Fabio Diso mimt einen liebenswürdigen Eddie Fritzinger, den man einfach knuddeln möchte, wenn er mal wieder unter seinem alten Spitznamen Schwitze-Fritze zu leiden hat. Gesanglich überzeugt er ebenfalls auf ganzer Linie. Doch „Sister Act“ steht und fällt letztendlich mit der Hauptdarstellerin – und die ist in Person von Peti van der Velde großartig! Die Wandlung von der flippigen Discosängerin zu einer Frau, die erkennt, dass Freundschaft und Zusammenhalt wichtiger sind als materielle Werte, gelingt ihr spielend. Gesanglich vermag sie mit ihrer kräftigen Stimme zu überzeugen, wenn sie Songs wie „Zeig‘ mir den Himmel“ oder „Fabelhaft, Baby“ geradezu rockt.

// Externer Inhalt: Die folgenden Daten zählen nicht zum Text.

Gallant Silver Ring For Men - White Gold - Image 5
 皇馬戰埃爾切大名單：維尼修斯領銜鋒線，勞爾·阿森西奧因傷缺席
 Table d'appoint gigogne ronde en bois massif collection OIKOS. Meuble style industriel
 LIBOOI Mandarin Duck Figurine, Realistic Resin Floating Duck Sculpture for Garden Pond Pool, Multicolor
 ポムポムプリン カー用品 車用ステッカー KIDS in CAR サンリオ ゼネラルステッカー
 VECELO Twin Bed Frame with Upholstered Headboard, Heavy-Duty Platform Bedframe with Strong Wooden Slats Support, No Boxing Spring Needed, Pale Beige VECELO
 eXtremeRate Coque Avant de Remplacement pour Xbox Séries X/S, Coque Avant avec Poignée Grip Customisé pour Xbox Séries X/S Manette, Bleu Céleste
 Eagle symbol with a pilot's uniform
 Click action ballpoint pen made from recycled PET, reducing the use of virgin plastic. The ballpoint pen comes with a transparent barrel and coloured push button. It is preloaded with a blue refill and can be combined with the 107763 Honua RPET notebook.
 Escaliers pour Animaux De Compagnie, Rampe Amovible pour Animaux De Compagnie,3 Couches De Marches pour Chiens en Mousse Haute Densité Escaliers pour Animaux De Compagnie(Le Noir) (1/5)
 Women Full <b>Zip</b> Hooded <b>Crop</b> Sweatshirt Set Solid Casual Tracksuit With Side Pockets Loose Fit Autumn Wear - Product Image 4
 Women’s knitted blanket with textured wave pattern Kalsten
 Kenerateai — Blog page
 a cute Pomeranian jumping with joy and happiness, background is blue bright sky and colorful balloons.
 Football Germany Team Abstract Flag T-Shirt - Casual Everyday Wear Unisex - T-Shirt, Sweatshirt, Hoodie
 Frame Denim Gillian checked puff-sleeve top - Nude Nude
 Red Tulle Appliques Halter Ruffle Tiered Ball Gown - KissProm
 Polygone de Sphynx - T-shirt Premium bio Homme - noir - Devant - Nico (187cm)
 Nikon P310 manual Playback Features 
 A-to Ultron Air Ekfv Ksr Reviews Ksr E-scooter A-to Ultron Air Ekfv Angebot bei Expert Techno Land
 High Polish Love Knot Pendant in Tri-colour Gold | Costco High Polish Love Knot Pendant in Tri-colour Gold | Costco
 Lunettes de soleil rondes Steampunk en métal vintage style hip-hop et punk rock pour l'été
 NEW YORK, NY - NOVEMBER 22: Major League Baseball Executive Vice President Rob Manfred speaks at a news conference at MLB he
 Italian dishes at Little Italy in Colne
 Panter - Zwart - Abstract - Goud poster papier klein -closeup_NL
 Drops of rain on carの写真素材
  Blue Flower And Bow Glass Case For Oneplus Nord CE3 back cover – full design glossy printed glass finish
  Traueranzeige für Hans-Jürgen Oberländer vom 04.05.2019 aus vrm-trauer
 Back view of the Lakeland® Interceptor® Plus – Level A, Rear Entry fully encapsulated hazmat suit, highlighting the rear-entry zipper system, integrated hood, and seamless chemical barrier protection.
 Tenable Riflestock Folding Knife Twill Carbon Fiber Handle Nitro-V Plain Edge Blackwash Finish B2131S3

Stark sind auch die Leistungen des weiteren Ensembles, aus dem unter anderem Janina Niehus (als Schwester Mary Teresa mit ihrer Suppenkelle) oder Julian Schier (als den schnellen Bühnentod sterbender Ernie) hervorstechen. Sehenswert sind weiterhin die spritzige Choreografie von Till Nau sowie die Kostüme von Karin Alberti. Gelungen ist zudem das Bühnenbild von Jens Janke, der wieder einmal abwechslungsreiche Szenerien entworfen hat. Durch zweckdienlich fahrbare Elemente entstehen in Windeseile immer wieder neue Handlungsorte, was bestens zum Drive der Inszenierung passt.
Trotz der Längen im Buch macht „Sister Act“ in Tecklenburg insgesamt großen Spaß. Die mitreißenden Songs, die Witze, das großartige Orchester und die erstklassige Riege der Darstellerinnen und Darsteller versprechen einen kurzweiligen Abend. Gerade in der aktuellen Zeit, die von Pandemie, Krieg und Inflation gezeichnet ist, erweist sich diese Show als echter Spaßgarant.